HPC with reduced resources

Lichtenberg HPC available with reduced resources

2024/02/08

After a short in the server room's power distribution system, which rendered the whole cluster inoperative, the Lichtenberg cluster is now active with about 35% capacity.

+++Update 2024-04-2

By using temporary workarounds, the available capacity could be increased to about 62%.

+++Update 2024-03-13

By reactivating more compute nodes, the available capacity could be increased to about 35%.

+++Update 2024-03-08

The cluster is now partly available with about 20% of it's nominal compute capacity.

User data & deletion

As there have been questions about your data on the cluster's file systems and the deletion policy: We cannot ascertain yet whether there are user data affected. However, the deletion policy on /work/scratch will be suspended before/while powering up, so as to not delete data you could not have accessed for the time of the outage.

+++Update 2024-03-07

The GFE has been refilled and is operational, the power rails have been cleared for use after thorough checks, and we were able to bring up the storage system of the Lichtenberg cluster without data loss.
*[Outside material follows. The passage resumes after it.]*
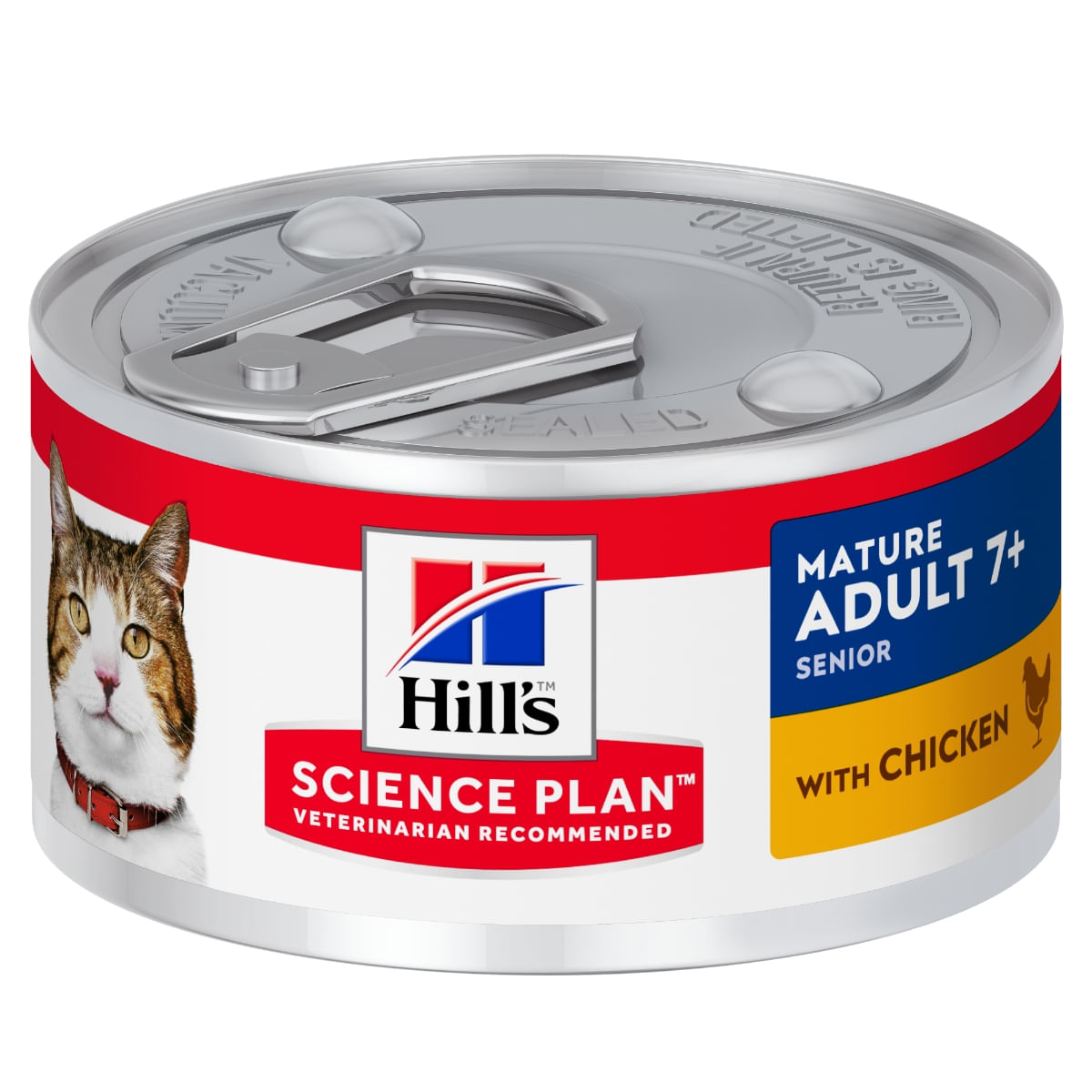 HILL\'S SCIENCE PLAN Mature Adult 7+, Pui, conservă hrană umedă pisici senior, (pate), 82g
Using our login nodes, you now can download data from the cluster.

As to the partial restart of the compute nodes, we will give further updates in due time.

+++ Update 2024-02-23:

With the current state of the repair and replacement procedures--and if there are no further findings--we estimate 2024-03-08 as the earliest possible date for cluster availability. Please note that this is the best case estimate.

+++Update 2024-02-14 13:42 Uhr:

urgent requests for offers have been sent for re-filling the GFE, and for checks of the power distribution infrastructure – both will take some time.

Currently, there is no serious estimate possible as to when the HPC will be restored to normal operation.

Details

The short occurred in a wall box for the non-backed power distribution, which broke totally in an instant.

Primarily affected were thus all systems not being behind an uninterruptible power supply (UPS), such as the HPC compute nodes.

All racks and computers on UPS-backed power (such as HPC storage and Housing) were not directly hit, and continued to run in the first place.

However, the smoke of the short's flashover triggered the gaseous fire extinguisher, which duly flooded the server room with nitrogen/N₂.

This inherently causes very high acoustic pressure and air vibrations, known to severely wreaking havoc to legacy magnetic hard disks. That's why some systems in Housing suffered nonetheless (even if not by the power problem itself).

Next Steps – Housing

Since operation of this server room without a working GFE is considered too risky, we have had to switch off all systems (HPC cluster as well as Housing).

It is currently unclear when this GFE will be checked and refilled – and all general operation of computer systems in L5|08 has to cease until that.

Next Steps – HPC

Both power conductor rail as well as the distributing installation (400 volts, up to 2000 ampere) has to be inspected for possible damage and checked before reactivation.

It is currently unclear, when this (and all necessary repairs, if any) will be finished.

The outage of the HPC cluster will thus take some more time.

Project and user applications

Due to the unavailability of the cluster, applications cannot be processed currently. The processing of the applications will be resumed once the infrastructure is available again.